In 1876 the Northern Pacific Railroad abandoned its northern line, the Skagit Branch through Skagit Pass (now known as Cascade Pass), and located its road south of Mount Rainier, through what was known as Packwood or Cowlitz Pass. Their checkerboarded railroad grants extended throughout almost the entire Territory allowing them to block other rail routes, including the abandoned Skagit Pass route. In Seattle, this became the subject of public agitation. Funds were raised and Judge McGilvra was sent to Washington, where he passed two winters in an effort to procure a restoration of those lands to the public domain in the interests of settlers.

The Judge was offered every possible facility for doing effective work before Congress. He was given the privilege of the floor of the United States House of Representatives by the Speaker, and, through the courtesy of Senator John H. Mitchell of Oregon, he had practically the same privilege on the floor of the Senate. He appeared before each committee of the Senate and House to which the various bills introduced upon this subject were referred, and made oral arguments and submitted printed briefs, and finally succeeded in restoring to settlement those lands, amounting to upward of 5000000 acre. Judge Orange Jacobs, then delegate from Washington, assisted in this work.

While he was City Attorney of the city of Seattle, in 1876 and '77, the east half of the Maynard donation claim, embracing 320 acre now in the heart of the city, was declared to be vacant public land by the Commissioner of the General Land Office. The city of Seattle applied to enter these lands under the town-site laws. As City Attorney, Judge McGilvra made the application and argued the case before the Register and Receiver of the United States General Land Office at Olympia. There were several contestants who had filed homestead and pre-emption claims on the same lands.

Obtaining a favorable decision from the Land Office, the case was appealed to the Commissioner of the United States General Land Office, who affirmed the decision of the local land office. Subsequently, and after the expiration of Judge McGilvra's term of office, the case was complicated by the intervention of other parties claiming the right to locate the land with Valentine scrip. The result was that the city finally lost the case through the inattention or incompetency of the attorney who represented the case.

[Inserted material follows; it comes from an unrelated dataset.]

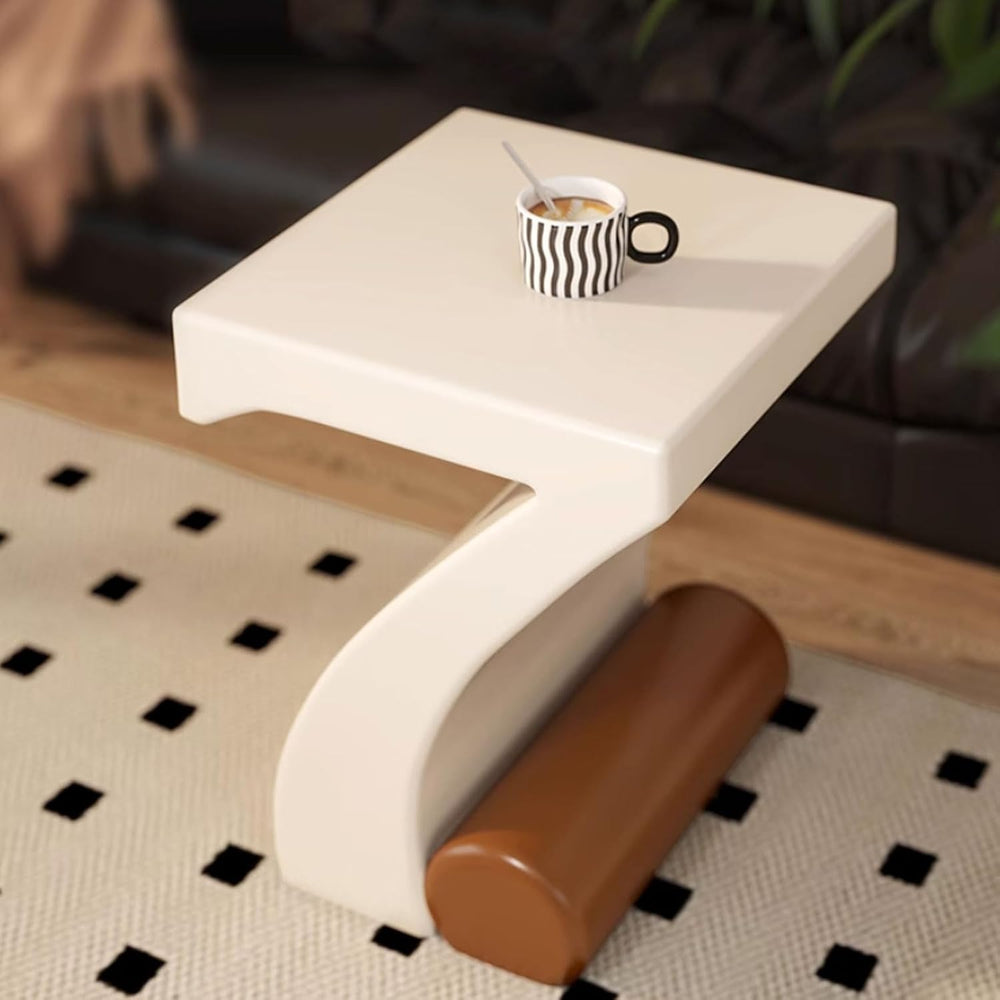 Z-Shaped Side Table End Table with Flat Surface, Decorative Accent Furniture ...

Among McGilvra's business partners in his law firms were James McNaught, who served in the 1890s as attorney for the Northern Pacific Railroad Company; and his son-in-law Judge Thomas Burke.

After retiring, McGilvra retained an office in Seattle and continued to be involved in projects for the city's and state's improvement. In the early 1890s he was opposed to Seattle's then proposed system of parks and boulevards, which he saw as a massive government subsidy to real estate men. Despite McGilvra's opposition, it went into effect, and Seattle Parks and Recreation was created.

In retirement, McGilvra spent much of his time traveling with his family, and visited nearly all portions of the Pacific Coast of North America, from Alaska to Mexico CIty, also many portions of the interior and Atlantic coast as far south as Florida. He also visited England, Scotland, France, Switzerland, Austria, Germany and Belgium. Letters written on his European trip were published in the Seattle papers.

==Land dealings==
In 1864, McGilvra purchased 420 acre of land bordering Lake Washington and constructed the Lake Washington wagon road, now Madison Street (Seattle), at a personal expense of $1,500. To this day, Madison Street remains the only direct route from Lake Washington to Elliott Bay in Downtown Seattle. He continued to improve his property, and was one of the first contributors to the Madison Street cable road, which he subsidized by giving twenty-one acres of property on Lake Washington for park and terminal facilities.

==Legacy==
McGilvra is the namesake for Seattle's McGilvra Elementary School and McGilvra Boulevard (both near Madison Park).